### Data supplied
▬▬▬

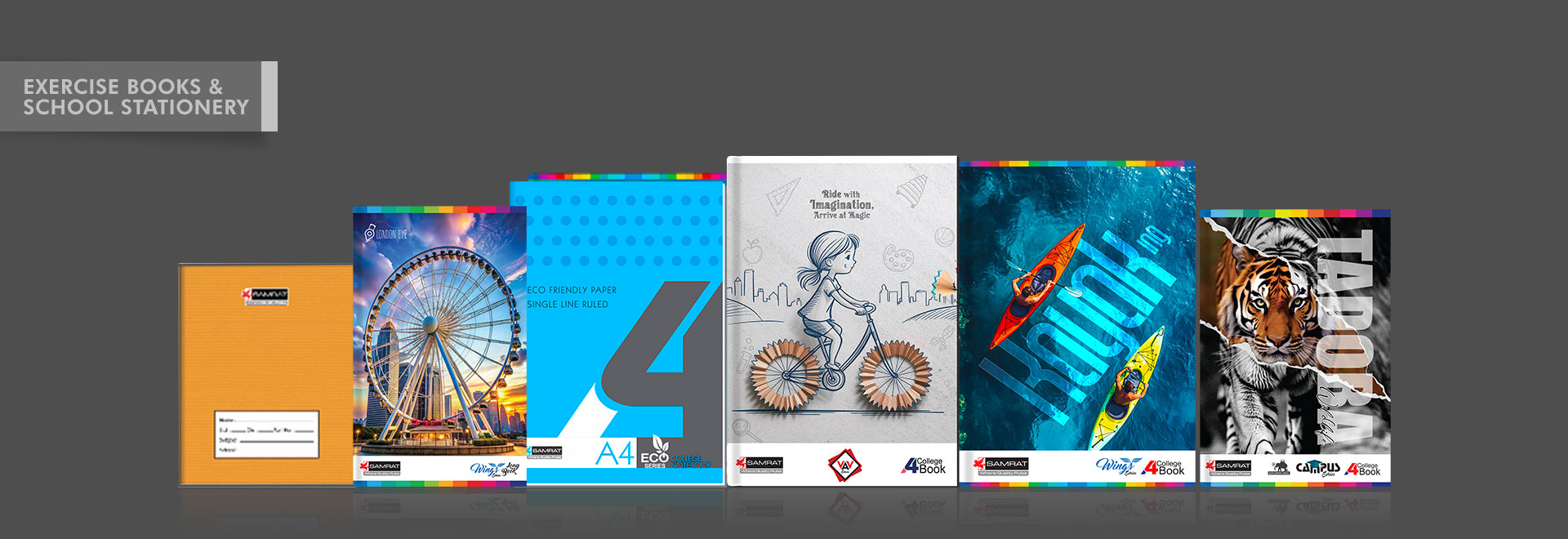 EXERCISE BOOKS & SCHOOL STATIONERY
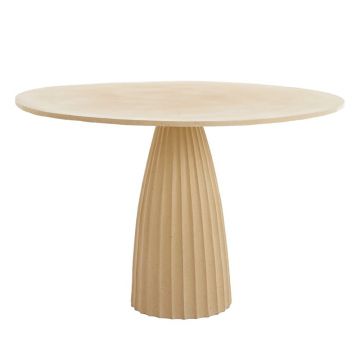 Masă de dining rotundă din metal ø 120 cm Veglia – Light & Living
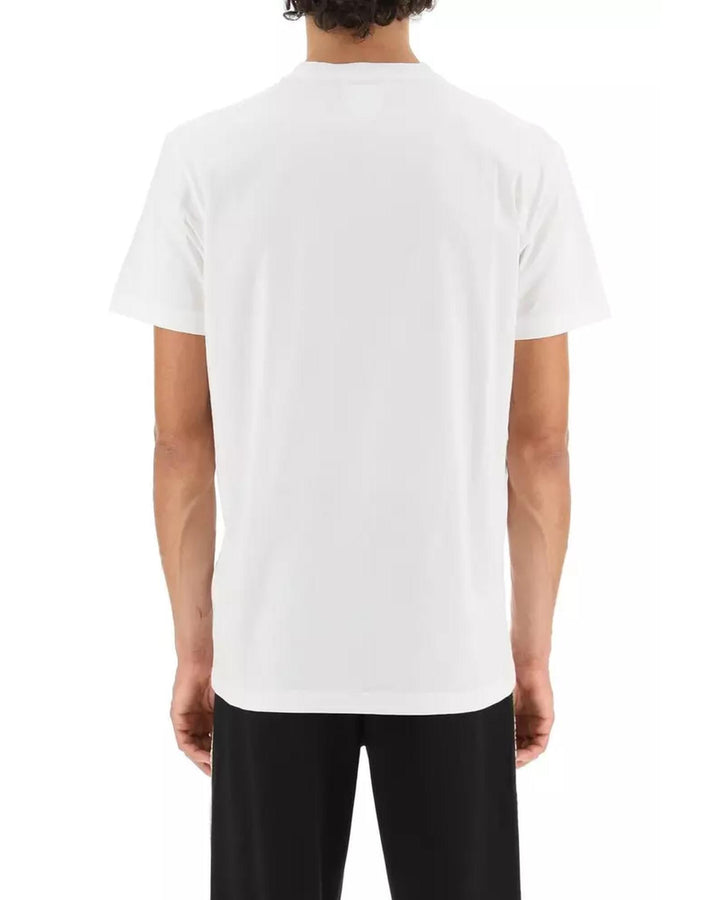 Cotton t-shirt with front print - Crew neck M Men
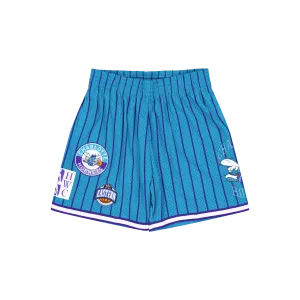 M&n City Collection Mesh Short Hornets Blue/hornets Purple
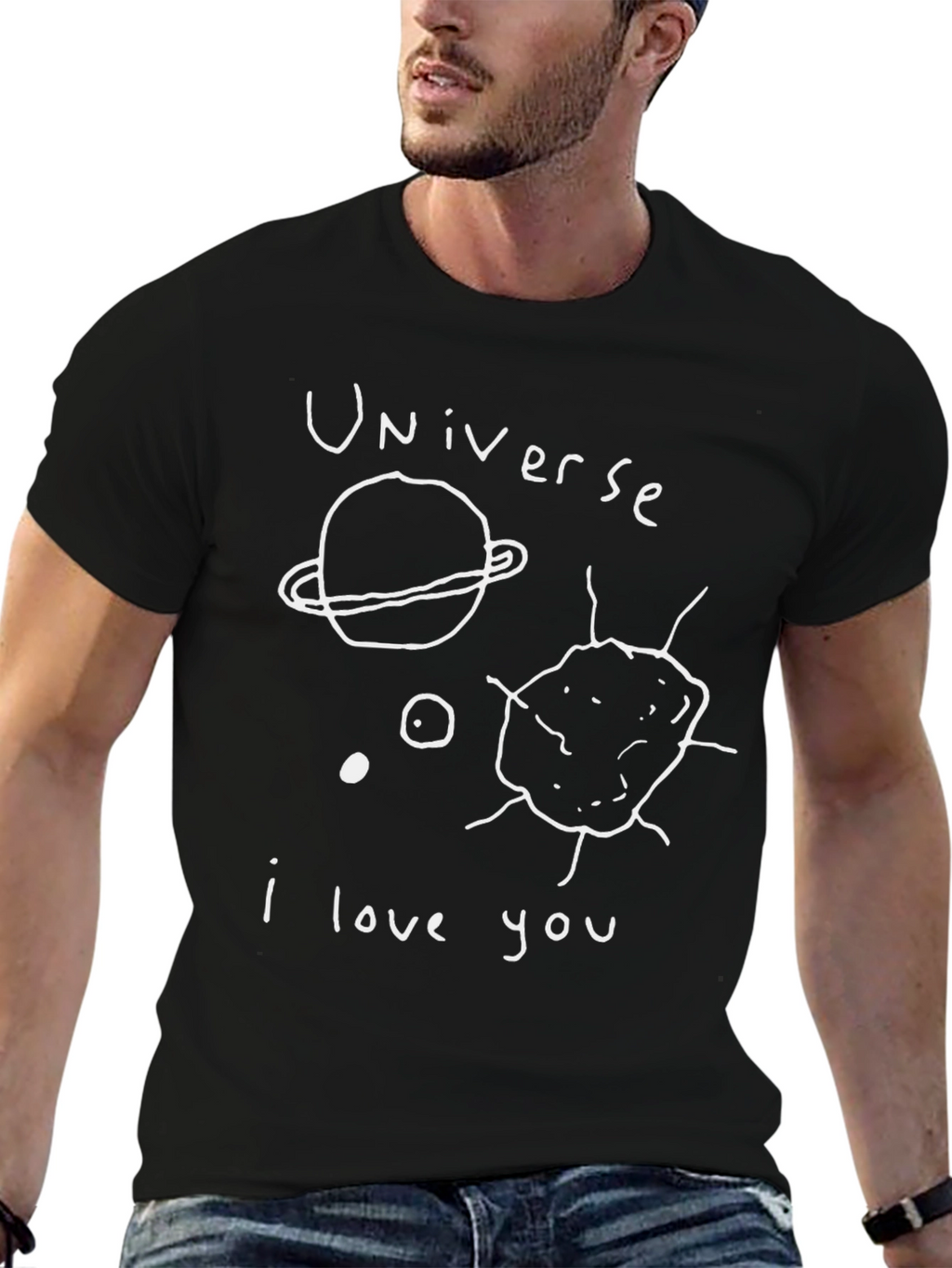 Universe I Love You T-Shirt - Unique Graphic Tee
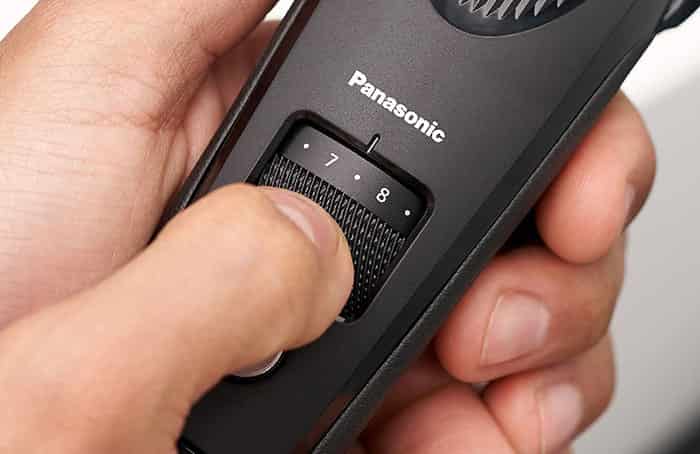 Panasonic ER-SB40-k trimmer precision dial system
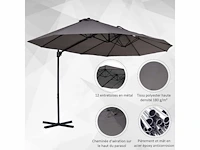 Grote zweefparasol kantelbaar staal polyester - afbeelding 7 van  7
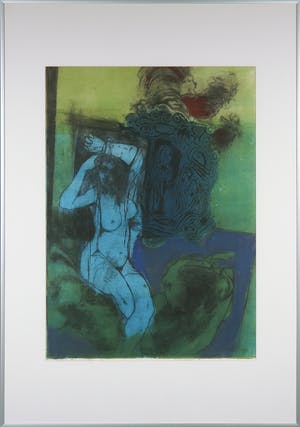 Ru van Rossem - Ets/aquatint en reliëfdruk, Romance de la pena negra - Ingelijst kopen? Bied vanaf 100!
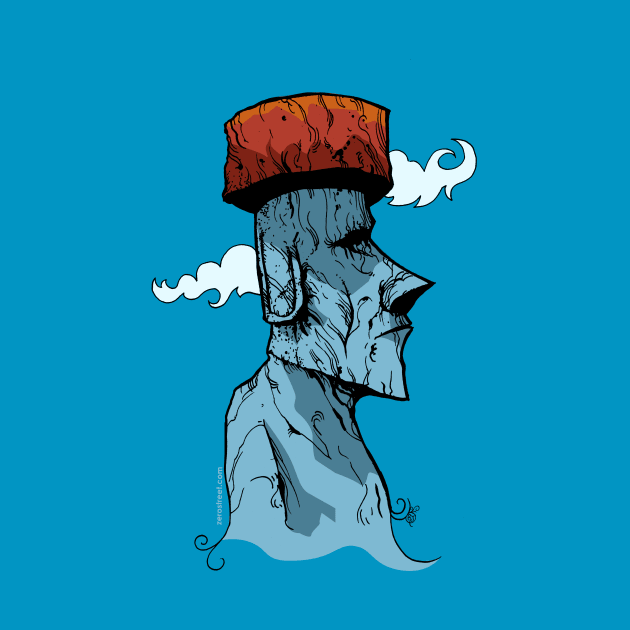 Moai Dreams by zerostreet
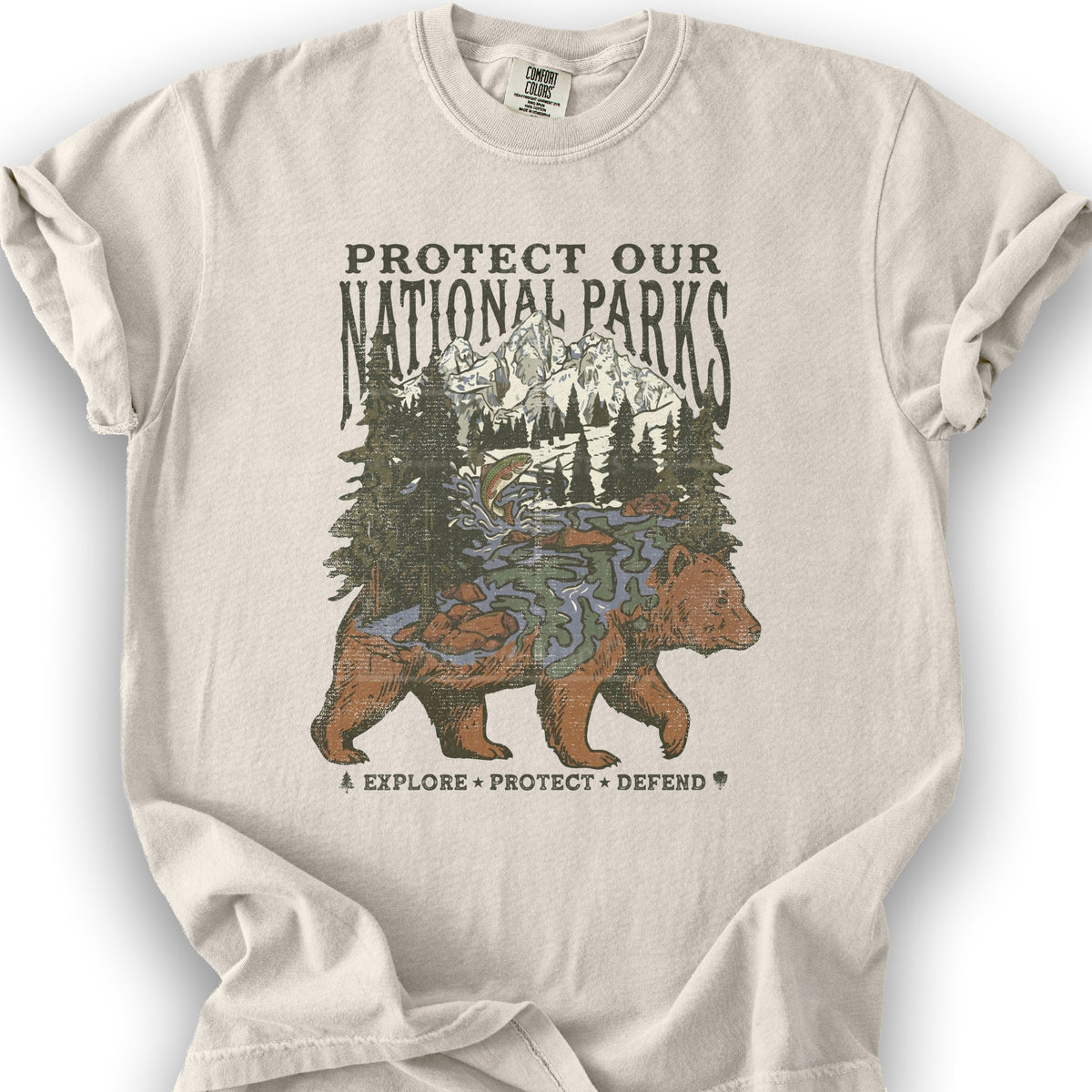 Protect Our Parks Bear T-Shirt - Ivory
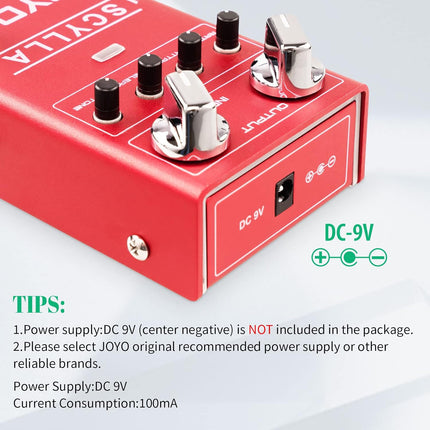 Bass Compressor Guitar Pedal with Optical Circuit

▬▬▬

### Assignment
Set down the data above verbatim, omitting every image.

### Task response
 EXERCISE BOOKS & SCHOOL STATIONERY
 Masă de dining rotundă din metal ø 120 cm Veglia – Light & Living
 Cotton t-shirt with front print - Crew neck M Men
 M&n City Collection Mesh Short Hornets Blue/hornets Purple
 Universe I Love You T-Shirt - Unique Graphic Tee
 Panasonic ER-SB40-k trimmer precision dial system
 Grote zweefparasol kantelbaar staal polyester - afbeelding 7 van  7
 Ru van Rossem - Ets/aquatint en reliëfdruk, Romance de la pena negra - Ingelijst kopen? Bied vanaf 100!
 Moai Dreams by zerostreet
 Protect Our Parks Bear T-Shirt - Ivory
 Bass Compressor Guitar Pedal with Optical Circuit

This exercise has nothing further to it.